First published in the Rural Weekly
I’ve seen a lot of changes happen in Birdsville over my lifetime. I remember starting school when I was 10 years old, much older than some of the other kids. That worked for me – I got to be the smart one in class, always getting asked to help with the little kids as they learned the basics.
I left in grade 5, and got my first job mustering cattle on horseback. Back then we didn’t have paddocks, or boundary fences, or even individual property lines. Cattle moved freely – we moved them on to each water hole when needed.
Life was pretty good back then. We didn’t need money, didn’t have cars, nor a mortgage or power bills. Each house was lit with a kerosene lamp, and we didn’t care about what we didn’t have. Working on the land, all we needed was a campfire for light and a swag to sleep in. What more could you want?

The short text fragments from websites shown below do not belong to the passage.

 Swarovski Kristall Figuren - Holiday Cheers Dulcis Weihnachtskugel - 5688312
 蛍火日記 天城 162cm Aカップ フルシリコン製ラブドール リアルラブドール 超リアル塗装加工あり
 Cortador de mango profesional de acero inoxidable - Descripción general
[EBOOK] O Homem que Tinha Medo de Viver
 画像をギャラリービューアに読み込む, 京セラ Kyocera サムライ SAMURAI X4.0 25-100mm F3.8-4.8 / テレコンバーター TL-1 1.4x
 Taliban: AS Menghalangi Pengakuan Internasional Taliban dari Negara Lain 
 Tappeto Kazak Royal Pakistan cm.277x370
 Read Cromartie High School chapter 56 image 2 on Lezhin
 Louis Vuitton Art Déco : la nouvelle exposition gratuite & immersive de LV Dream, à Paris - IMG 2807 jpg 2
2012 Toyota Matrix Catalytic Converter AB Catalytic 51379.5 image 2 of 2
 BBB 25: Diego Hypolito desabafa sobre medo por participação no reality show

It’s funny thinking about how we used to enjoy the outdoors – especially the heat. It was no big deal to ride out into the landscape, with just a hat to shade your eyes. Living under the shade of tree as you watched over the cattle and looked up at the stars. Now I live in a nice house with air-conditioning, and every time I walk out I’m hit with the blast of the outback heat. Once you get used to modern comforts, it’s hard to go back.

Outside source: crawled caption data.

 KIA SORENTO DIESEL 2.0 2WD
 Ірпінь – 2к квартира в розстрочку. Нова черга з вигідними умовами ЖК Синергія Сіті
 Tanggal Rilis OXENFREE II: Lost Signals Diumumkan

Mustering with horses was a lot of fun – it kept you grounded to the land around you. Things move quicker these days – I see operations that need to move cattle in days, not weeks. Shifting stock into big road trains that power down the highways rather than moving slowly over the landscape.
This land is unique, in every sense of the word. Over every rise, over every sand dune is a different view – of wildlife, rivers, mountains and valleys. It’s taking care of this land and ensuring it is protected that is a big part of my job today as a ranger for the Munga-Thirri national park. I was the first employee here – going on 25 years now – and it’s quite possibly the best job ever. I get to care for country that I’m a traditional custodian of – doing what I’m paid to do as well as my spiritual responsibility.

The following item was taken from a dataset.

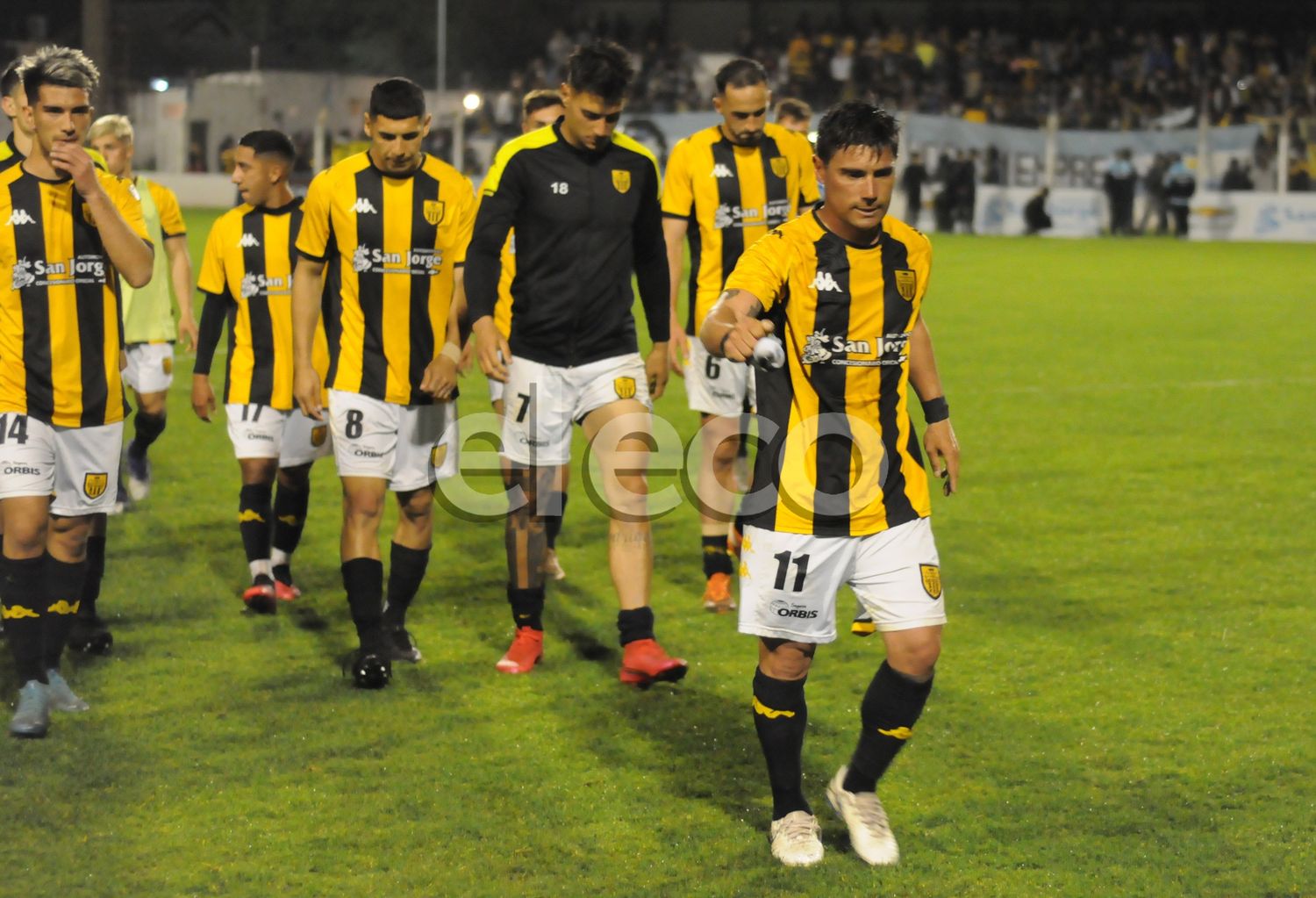 Los goles de Gimnasia de Mendoza ante Santamarina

This job is an honour, and I often feel like I’ve won the Lotto to be able to do it. It gives me the chance to follow the songlines of my country – to look over it and ensure that the connection between land and people are kept alive. I often stumble across an old campsite, or a burial ground, or an old humpy, and those are the truly special moments. Seeing evidence of life that existed here hundreds, or even thousands of years ago. Seeing the history of my people in tangible artefacts like wooden or stone tools – blows your mind a bit.
I remember being taught the stories of my people when I was younger, and I’m honoured to be able to impart that on to the younger generations now. Every story tells a part of our history, but it’s more than that – it’s a map of how to travel from one place to another. Some of these places are physical, and some are not. That’s a fundamental thing to understand about how this land is part of my people, and we are part of it. It’s something that I love to share with others as they come visiting the park – to see their wonder as they enjoy the beautiful landscapes, wildlife and culture.
The old days of mustering and sleeping under the stars have more than a nostalgic importance to me – they are a lesson in how we need to work alongside this country, not work against it. With the passage of time, we need to preserve the old ways of looking after country – most importantly giving it the time to recover.
One thing that concerns me greatly is how we use water across this land. It’s such an important resource, and goes much deeper than the surface – literally and figuratively. It comes in the rains, runs through the rivers and the plains, and is stored deep underground. It’s a cycle that plays an important role in keeping this land alive and healthy. Our water is an important resource that needs to be managed sustainably.
It’s so important that we keep our rivers clean, and that has to be with an understanding of the relationship between native species and the land. I remember a time when native yabbies could be found up and down our river systems – now they’re struggling to survive in mud channels that are choked with introduced carp. Rivers stay healthy if we maintain the natural balance.
If we are to manage and sustain the health of this land, it’s important that we consider the heritage of that country. It’s been great to see progress on this over the years – from landholders, government and Aboriginal people working alongside each other. My job and those of other Indigenous Rangers are testament to that. The future of Australia depends on caring for our country.
Above all else, I’d like to see all of us who call the Outback home come together and work on a system that works for everyone – people, plants, animals and the land. We all care for this country in various ways – what is needed is a shared understanding of that care and a commitment to working together.
Don Rowlands is a Wangkangurru Elder and Indigenous Ranger of Munga-Thirri National Park in the Simpson Desert.